To make it simple - well simpler! - lets use a single entry from each table to understand how we might tackle the whole data set.

Manual inspection tells me that all three tables have a publication entitled, Lipid droplets in steatotic liver disease with a DOI of 10.1097/MCO.0000000000000993.

Using filter I extract the corresponding row from each table to inspect them.

# Pure title variable is `Title of the contribution in original language-5`
pure_lipid <- pure_dat |> 
  filter(`Title of the contribution in original language-5` == 
           "Lipid droplets in steatotic liver disease") 
#  Scopus title variable is Title
scopus_lipid <- scopus_dat |> 
  filter(Title == "Lipid droplets in steatotic liver disease")
# WoS title variable is TI
wos_lipid <- wos_dat |> 
  filter(TI == "Lipid droplets in steatotic liver disease")

# Print number of rows and columns with dim_desc()
dim_desc(pure_lipid)
[1] "[1 x 21]"
dim_desc(scopus_lipid)
[1] "[1 x 20]"
dim_desc(wos_lipid)
[1] "[1 x 71]"

7.3.1 Joining the small table

We have a choice about whether to join the tables first or deal with the problem of having multiple values in the Affiliation and C1 cells first?

Let’s do the joins first.
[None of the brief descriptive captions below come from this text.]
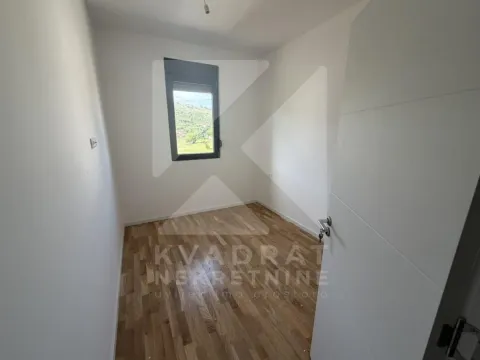 Rent, two bedroom apartment, 64m², Tološi, Podgorica - image 11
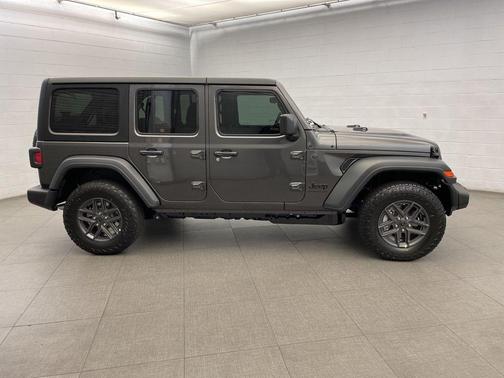 Granite Crystal Metallic Clearcoat 2026 Jeep Wrangler Sport S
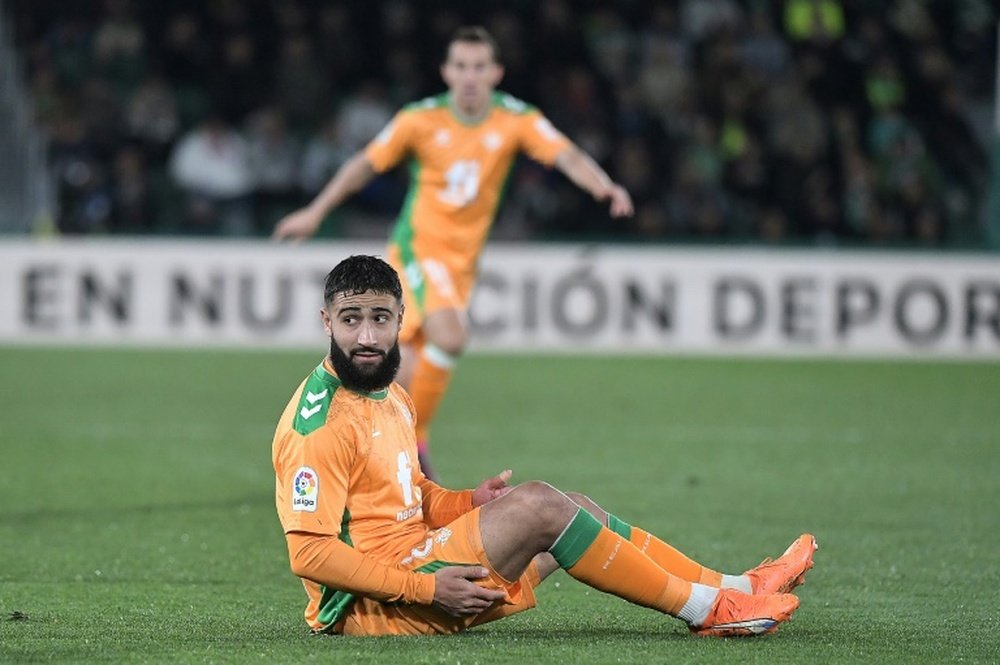 Fekir, tumbado en el césped durante el partido frente al Elche CF.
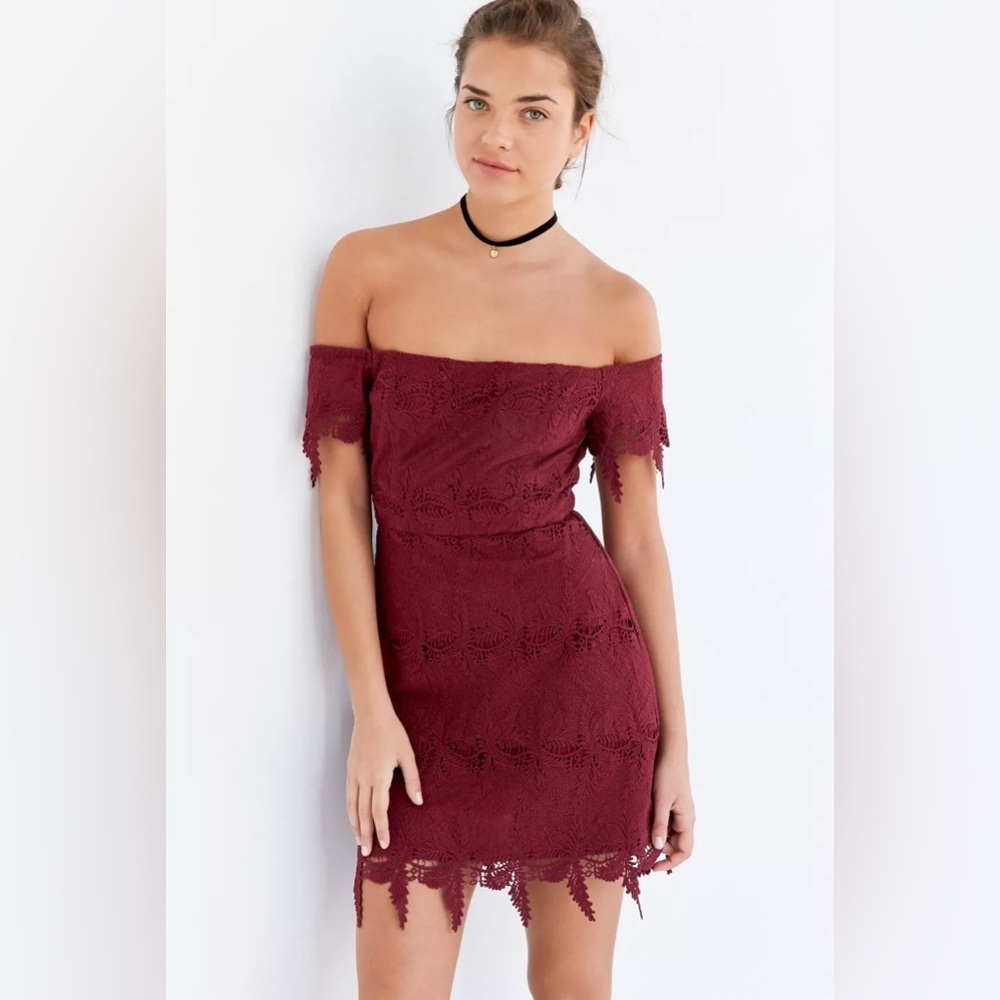 ASTR Valentina Lace Off-The-Shoulder Mini Dress Size S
This is an easier problem, but also as joining also filters, it reduces the number of rows and therefore when it comes to the full data, it reduces the amount of departments we need to tidy.

We’ll use our single row pure_lipid object to perform filtering joins on the full scopus_dat and wos_dat data using left_join() as per Section 6.3.

As the variables for title and DOI have different names we have to explicitly tell the join function how to map these variables using by and passing character vectors stating the mapping as below. I’m using two pipes and doing both joins prior to assigning a new object lipid_join.

We start with 1 row and 21 variables in pure_lipid and join on two variables, meaning we add 18 variables from scopus_dat and 69 variables from wos_dat to create a table with 1 row and 21 + 18 + 69 = 108 columns.

lipid_join <- pure_lipid |> 
  left_join(scopus_dat, by = c(`Title of the contribution in original language-5` = "Title",
                               `Electronic version(s) of this work > DOI (Digital Object Identifier)-0` = "DOI")) |> 
  left_join(wos_dat, by = c(`Title of the contribution in original language-5` = "TI" , 
                           `Electronic version(s) of this work > DOI (Digital Object Identifier)-0` = "DI"))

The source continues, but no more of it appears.